*** PROVIDED RECORDS ***

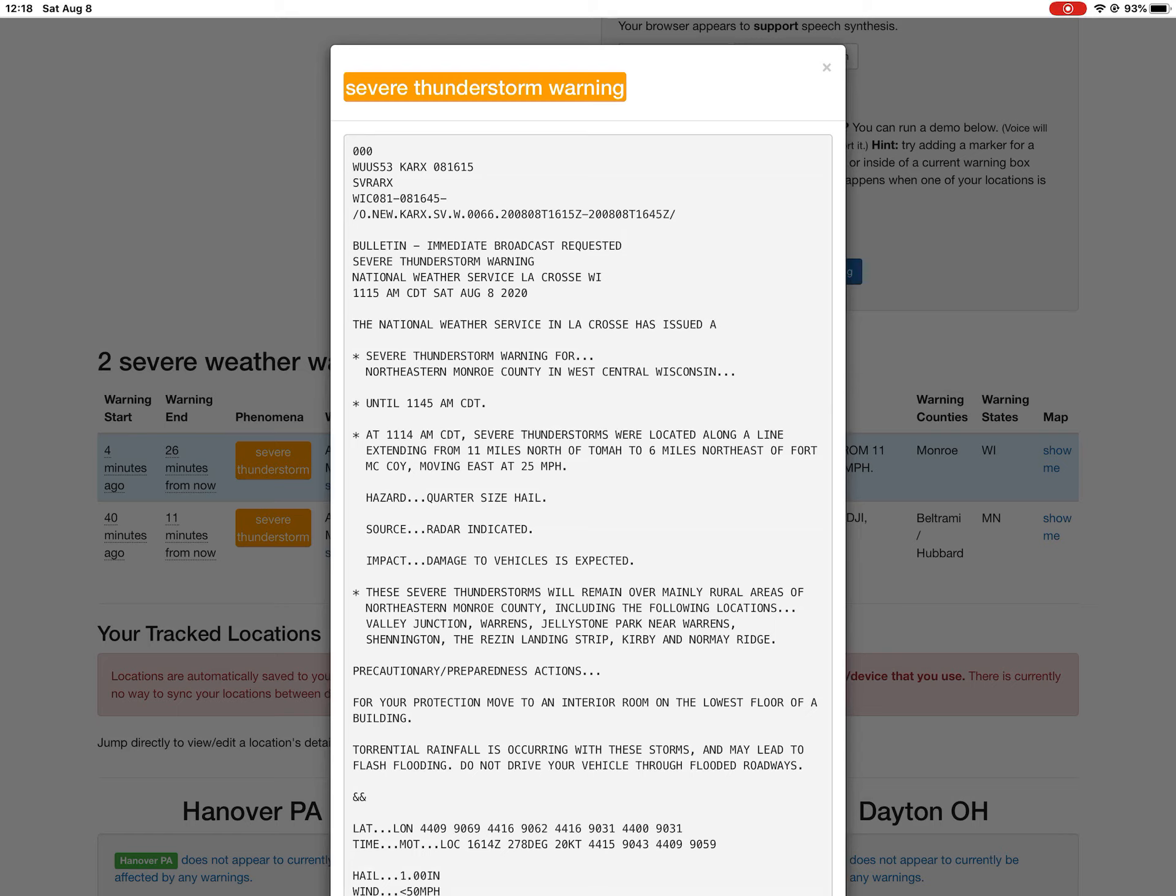Precautionary preparedness actions: for your protection, move to an interior room on the lowest floor of a building. Torrential rainfall is occurring with these storms and may lead to flash flooding. Do not drive your vehicle through flooded roadways. End of warning.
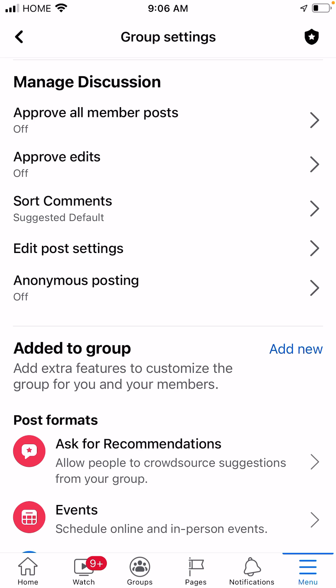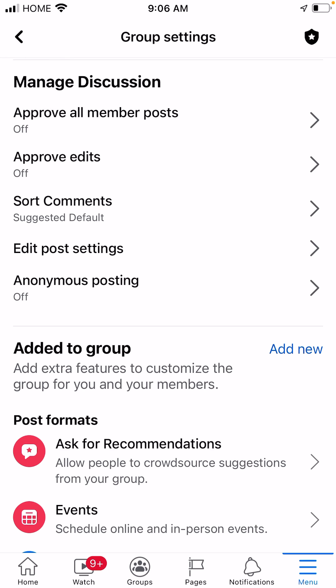There are many times you might have seen in various Facebook groups some posts appear as 'group member' and they do not reveal the name of the person who has actually posted it. This is done just to save some privacy of others, because it's really important.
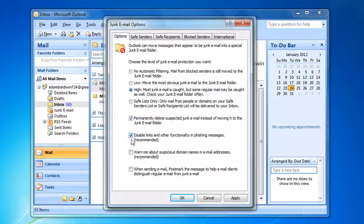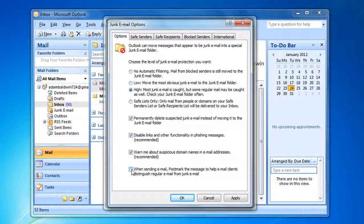If you want to be warned when a domain name appears to be spoofed, select 'Warn me about suspicious domain names in email addresses.' To enable postmarks on your outbound emails, select 'When sending email, postmark the message to help email clients distinguish regular email from junk email.'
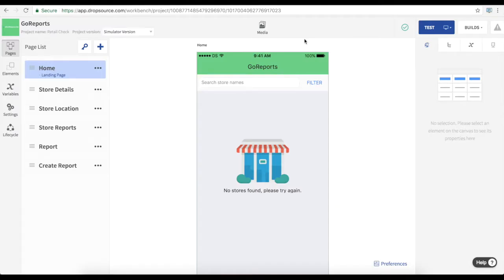We have versions of the app for both iOS and Android. This is the iOS one. You'll see in the center the canvas for each page in the app.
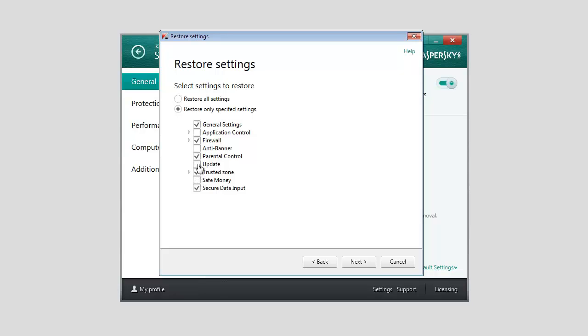Clear the appropriate checkboxes if you want to save these parameters. Otherwise, the selected parameters will be restored to default. And click Next.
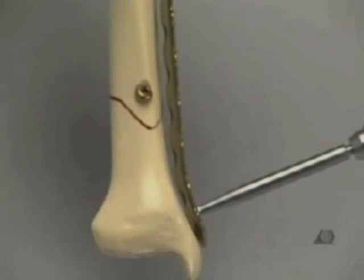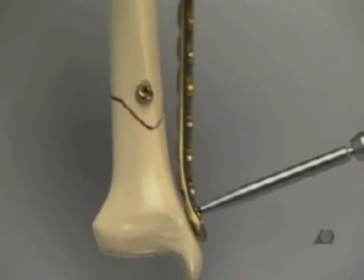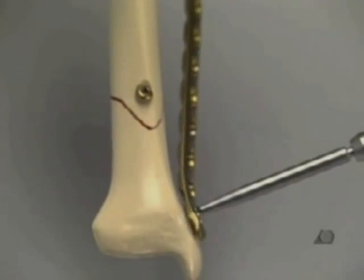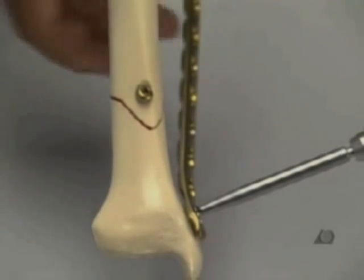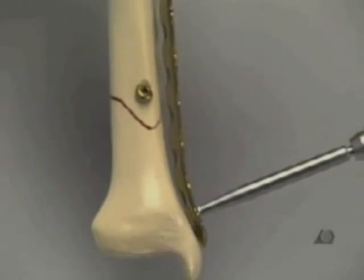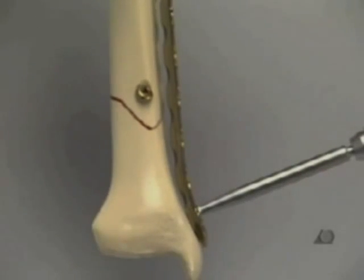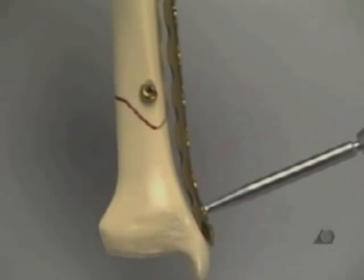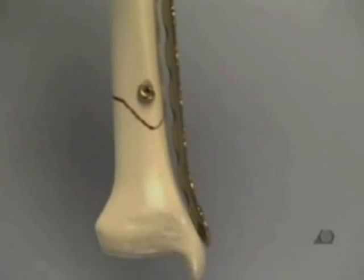At this point, if the other end of the plate is not well secured, the helicopter effect will be created. Therefore, before completely tightening the first screw, the plate is fixed to the bone using the most proximal screw hole.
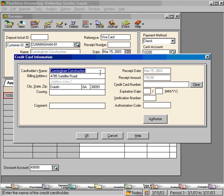Over here, the receipt date and receipt amount carries over from the previous screen. In this field, we can put in the credit card number, expiration date, and the three-digit verification number.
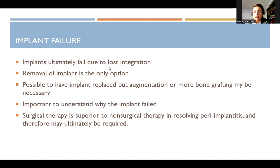That is the implant lecture. Have a good evening, and I will see you in class.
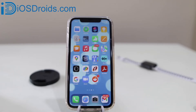In this video, I am going to show you how you can delete history on Reddit using both iPhone and Android. Let's begin with iPhone.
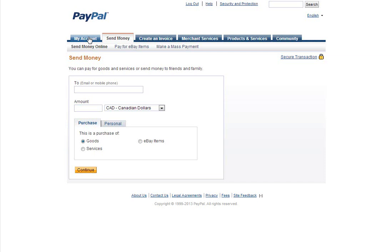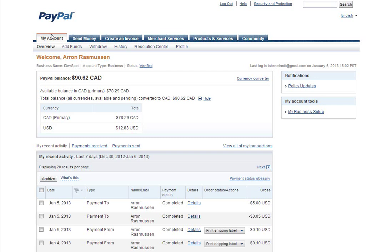Anyway guys, from your PayPal account, click My Account. Next you'll click Profile.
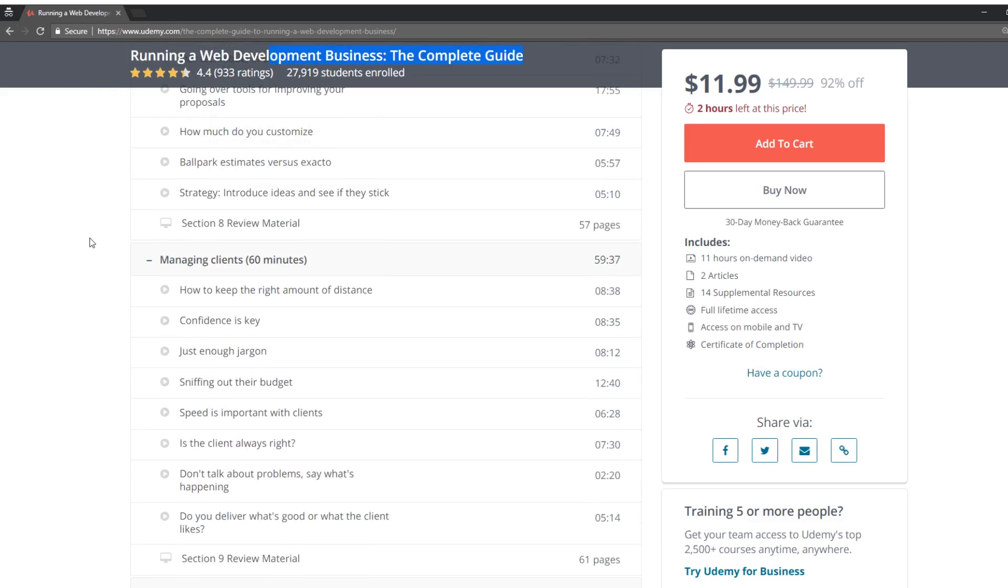So I think I'm going to stop it there. I hope you guys enjoy just a quick jump into a few Udemy courses and my thoughts on them, just looking through the curriculums. Like I said, I'd like to do a more, maybe deeper dive in some of these, but I'll let you guys decide. So let me know in the comments below. Thanks.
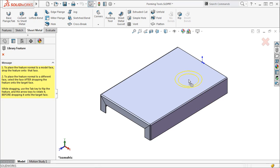The default direction is to go into the face I drag it onto. To change the direction of the feature, I can hit the tab key on the keyboard before I let go of my mouse button. Once I let go of the button, I can't switch the direction. I would have to delete the feature and insert it again.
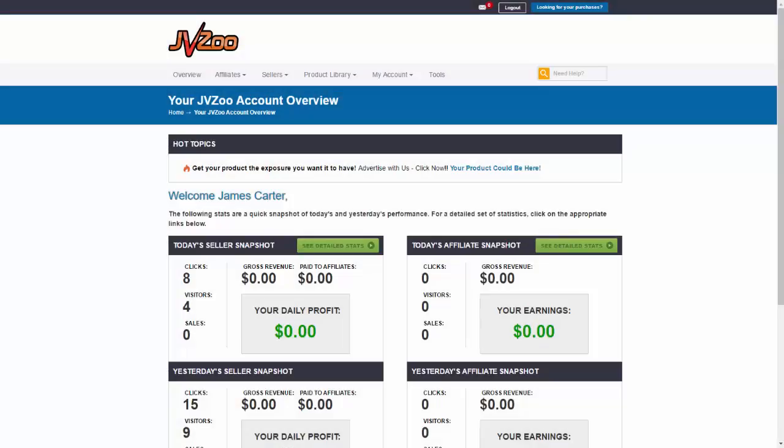In this video, I want to show you how to set up your PayPal processing option right within JVZoo.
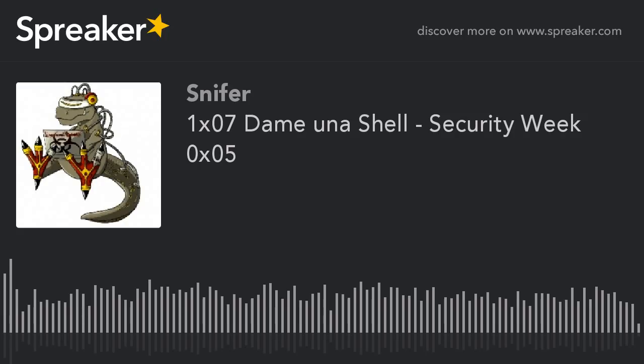Voy a hablarles sobre un nuevo framework que permite hacer ataques SSL y TLS de una manera más rápida. No sé si se acuerdan de CRIME, que era una vulnerabilidad orientada a SSL. Luego vino BREACH, y ahora ha salido Rupture, que es un nuevo ataque que permite hacer ataques de forma más automática y rápida. Es un proyecto de código abierto, lo van a tener en la descripción. Este framework también está siendo desarrollado para permitir explotar lo que es Poodle.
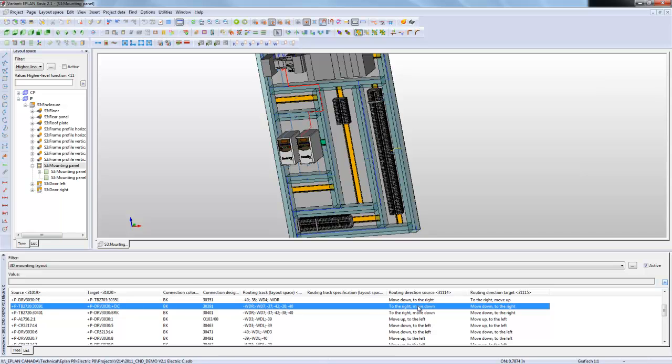the wire number, and also what duct it's going through. I get the routing directions, which way the wires are going. Are they going up, down, left, right?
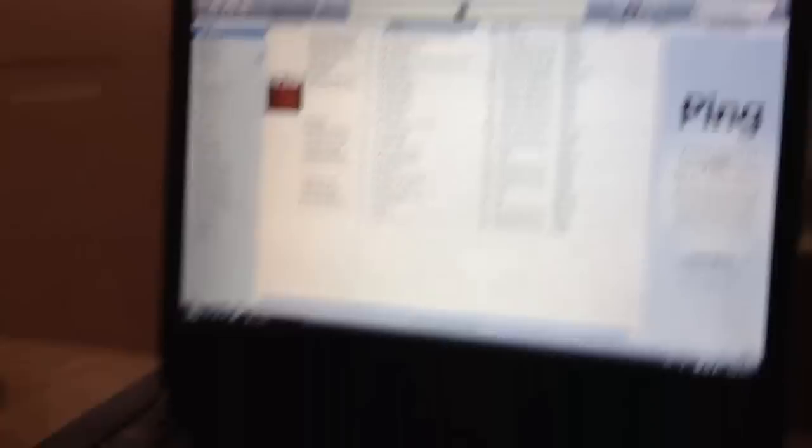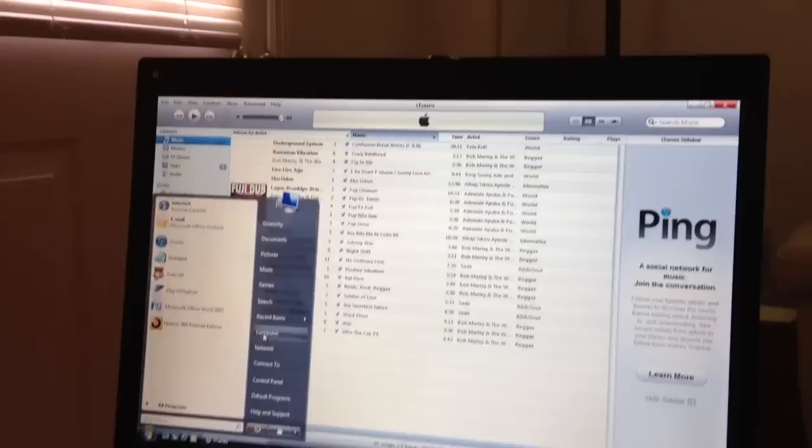Then, you go to this button at the corner of the screen. Click that, and you'll have to find Computer. Once you find Computer, it'll say Devices with Removable Storage.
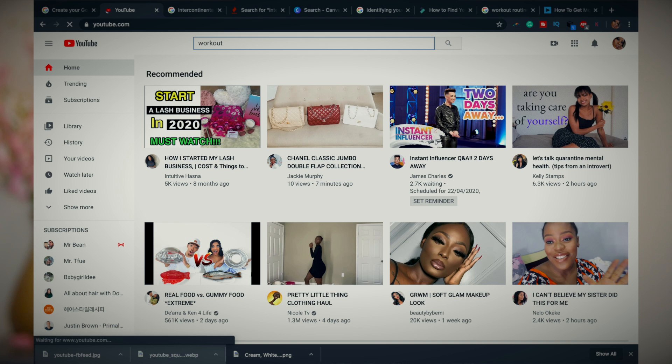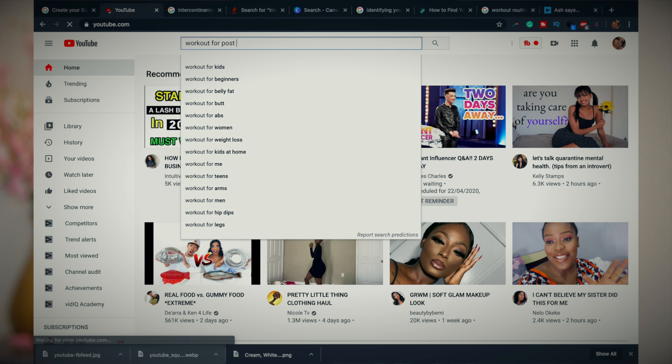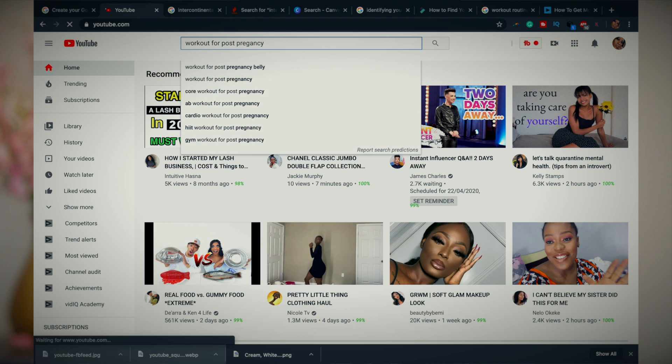YouTube search is also similar to Google search since it's the same company, but it's worth searching there separately to make sure you're finding keywords that people are actually searching for specifically on YouTube. So go to the YouTube search bar and type in what you typed in Google — for example, 'workout for post pregnancy' — and you'll already see topic ideas appearing in the dropdown menu. Go through those and jot down anything that interests you.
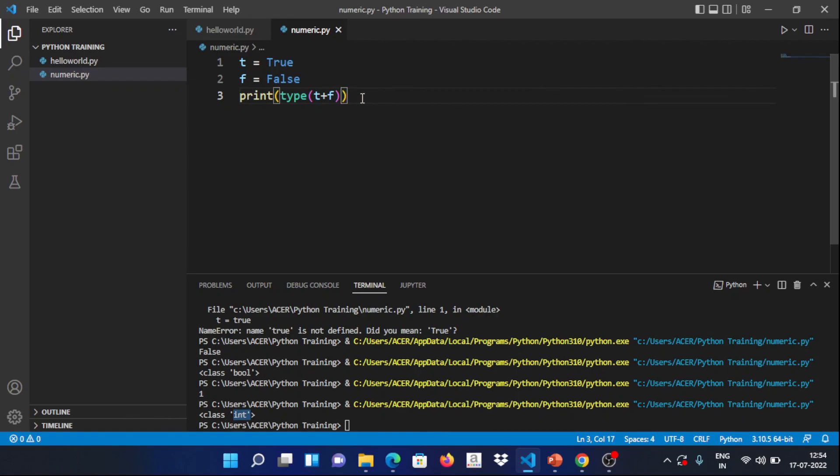In the next video, we will cover operators — less than, greater than, and relational operators. So in this video, guys, we covered variables and data types. If you have any doubts, please comment in the comment section and we will clear that. Next video, until then — bye bye!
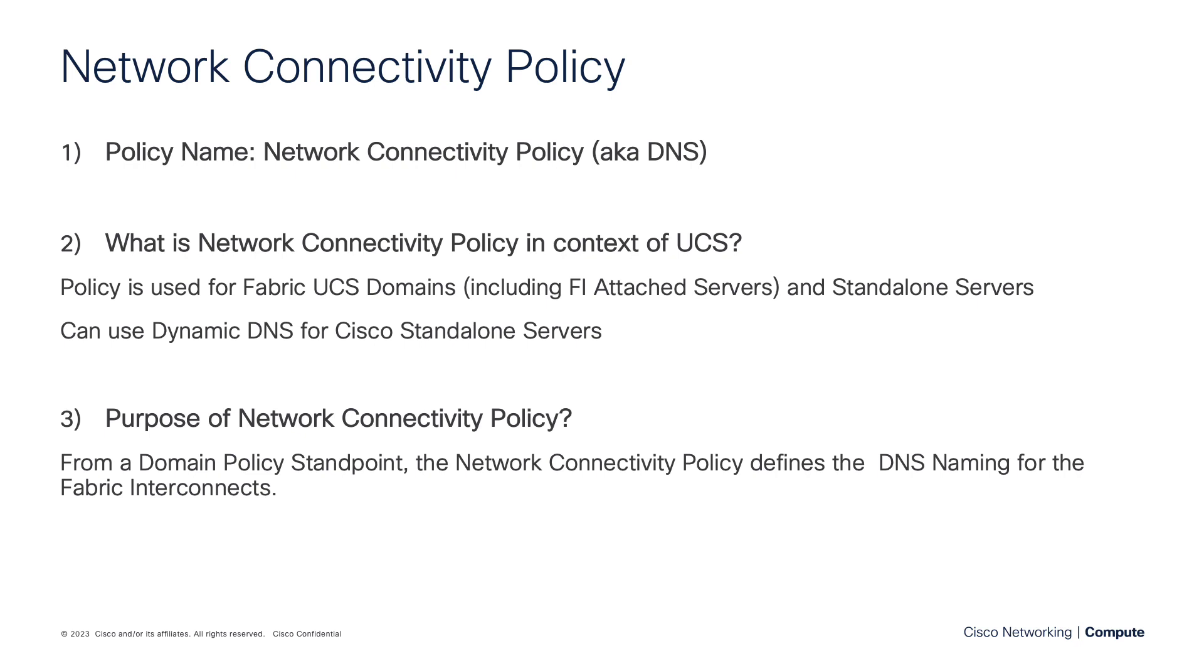This Network Connectivity Policy, for the scope of this video, we're going to be talking about domain policies. So we're going to create this policy, and then our domain profile will actually attach it, and it'll be consumed by the domain profile.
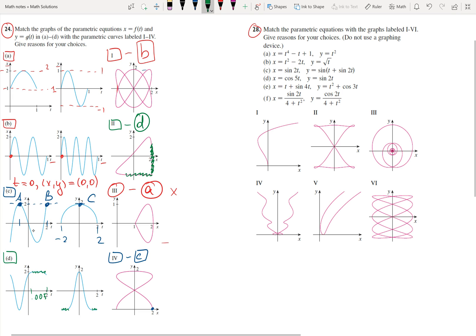So for problem 24, I showed you different techniques for how you can recognize a Cartesian graph based on a parametric one. Now let's move on to problem 28, where the graphs are going to be way more extreme and very interesting.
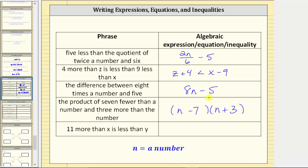And finally we have 11 more than x is less than y. 11 more than x is x plus 11, and this is less than y. The result of this phrase is an inequality. I think I forgot to mention the result of the previous phrase was an expression. We'll look at some more examples in the next video.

*** End of PROVIDED RECORDS ***

Output every entry exactly. Pictures stay out.

FINISHED TASK
Precautionary preparedness actions: for your protection, move to an interior room on the lowest floor of a building. Torrential rainfall is occurring with these storms and may lead to flash flooding. Do not drive your vehicle through flooded roadways. End of warning.
There are many times you might have seen in various Facebook groups some posts appear as 'group member' and they do not reveal the name of the person who has actually posted it. This is done just to save some privacy of others, because it's really important.
If you want to be warned when a domain name appears to be spoofed, select 'Warn me about suspicious domain names in email addresses.' To enable postmarks on your outbound emails, select 'When sending email, postmark the message to help email clients distinguish regular email from junk email.'
We have versions of the app for both iOS and Android. This is the iOS one. You'll see in the center the canvas for each page in the app.
Clear the appropriate checkboxes if you want to save these parameters. Otherwise, the selected parameters will be restored to default. And click Next.
At this point, if the other end of the plate is not well secured, the helicopter effect will be created. Therefore, before completely tightening the first screw, the plate is fixed to the bone using the most proximal screw hole.
Over here, the receipt date and receipt amount carries over from the previous screen. In this field, we can put in the credit card number, expiration date, and the three-digit verification number.
That is the implant lecture. Have a good evening, and I will see you in class.
In this video, I am going to show you how you can delete history on Reddit using both iPhone and Android. Let's begin with iPhone.
Anyway guys, from your PayPal account, click My Account. Next you'll click Profile.
So I think I'm going to stop it there. I hope you guys enjoy just a quick jump into a few Udemy courses and my thoughts on them, just looking through the curriculums. Like I said, I'd like to do a more, maybe deeper dive in some of these, but I'll let you guys decide. So let me know in the comments below. Thanks.
The default direction is to go into the face I drag it onto. To change the direction of the feature, I can hit the tab key on the keyboard before I let go of my mouse button. Once I let go of the button, I can't switch the direction. I would have to delete the feature and insert it again.
In this video, I want to show you how to set up your PayPal processing option right within JVZoo.
Voy a hablarles sobre un nuevo framework que permite hacer ataques SSL y TLS de una manera más rápida. No sé si se acuerdan de CRIME, que era una vulnerabilidad orientada a SSL. Luego vino BREACH, y ahora ha salido Rupture, que es un nuevo ataque que permite hacer ataques de forma más automática y rápida. Es un proyecto de código abierto, lo van a tener en la descripción. Este framework también está siendo desarrollado para permitir explotar lo que es Poodle.
the wire number, and also what duct it's going through. I get the routing directions, which way the wires are going. Are they going up, down, left, right?
Then, you go to this button at the corner of the screen. Click that, and you'll have to find Computer. Once you find Computer, it'll say Devices with Removable Storage.
YouTube search is also similar to Google search since it's the same company, but it's worth searching there separately to make sure you're finding keywords that people are actually searching for specifically on YouTube. So go to the YouTube search bar and type in what you typed in Google — for example, 'workout for post pregnancy' — and you'll already see topic ideas appearing in the dropdown menu. Go through those and jot down anything that interests you.
In the next video, we will cover operators — less than, greater than, and relational operators. So in this video, guys, we covered variables and data types. If you have any doubts, please comment in the comment section and we will clear that. Next video, until then — bye bye!
This Network Connectivity Policy, for the scope of this video, we're going to be talking about domain policies. So we're going to create this policy, and then our domain profile will actually attach it, and it'll be consumed by the domain profile.
So for problem 24, I showed you different techniques for how you can recognize a Cartesian graph based on a parametric one. Now let's move on to problem 28, where the graphs are going to be way more extreme and very interesting.
And finally we have 11 more than x is less than y. 11 more than x is x plus 11, and this is less than y. The result of this phrase is an inequality. I think I forgot to mention the result of the previous phrase was an expression. We'll look at some more examples in the next video.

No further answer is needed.